INSTRUCTIONS FOR THE TASK
Return all of the lines below exactly as they are.

┄┄┄┄┄┄

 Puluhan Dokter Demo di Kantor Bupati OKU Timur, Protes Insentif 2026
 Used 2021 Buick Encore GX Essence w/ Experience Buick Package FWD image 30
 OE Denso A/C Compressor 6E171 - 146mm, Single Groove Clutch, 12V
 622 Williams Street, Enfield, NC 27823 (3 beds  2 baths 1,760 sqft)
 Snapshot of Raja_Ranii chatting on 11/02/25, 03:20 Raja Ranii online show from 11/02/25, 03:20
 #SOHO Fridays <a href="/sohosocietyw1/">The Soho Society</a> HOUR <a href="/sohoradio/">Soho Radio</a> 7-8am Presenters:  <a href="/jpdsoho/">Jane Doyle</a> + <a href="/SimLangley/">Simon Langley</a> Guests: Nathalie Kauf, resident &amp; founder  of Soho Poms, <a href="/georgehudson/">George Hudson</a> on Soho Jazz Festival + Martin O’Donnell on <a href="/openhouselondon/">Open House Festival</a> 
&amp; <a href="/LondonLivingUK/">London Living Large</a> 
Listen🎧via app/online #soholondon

┄┄┄┄┄┄

RESULT OF THE EXERCISE
 Puluhan Dokter Demo di Kantor Bupati OKU Timur, Protes Insentif 2026
 Used 2021 Buick Encore GX Essence w/ Experience Buick Package FWD image 30
 OE Denso A/C Compressor 6E171 - 146mm, Single Groove Clutch, 12V
 622 Williams Street, Enfield, NC 27823 (3 beds  2 baths 1,760 sqft)
 Snapshot of Raja_Ranii chatting on 11/02/25, 03:20 Raja Ranii online show from 11/02/25, 03:20
 #SOHO Fridays <a href="/sohosocietyw1/">The Soho Society</a> HOUR <a href="/sohoradio/">Soho Radio</a> 7-8am Presenters:  <a href="/jpdsoho/">Jane Doyle</a> + <a href="/SimLangley/">Simon Langley</a> Guests: Nathalie Kauf, resident &amp; founder  of Soho Poms, <a href="/georgehudson/">George Hudson</a> on Soho Jazz Festival + Martin O’Donnell on <a href="/openhouselondon/">Open House Festival</a> 
&amp; <a href="/LondonLivingUK/">London Living Large</a> 
Listen🎧via app/online #soholondon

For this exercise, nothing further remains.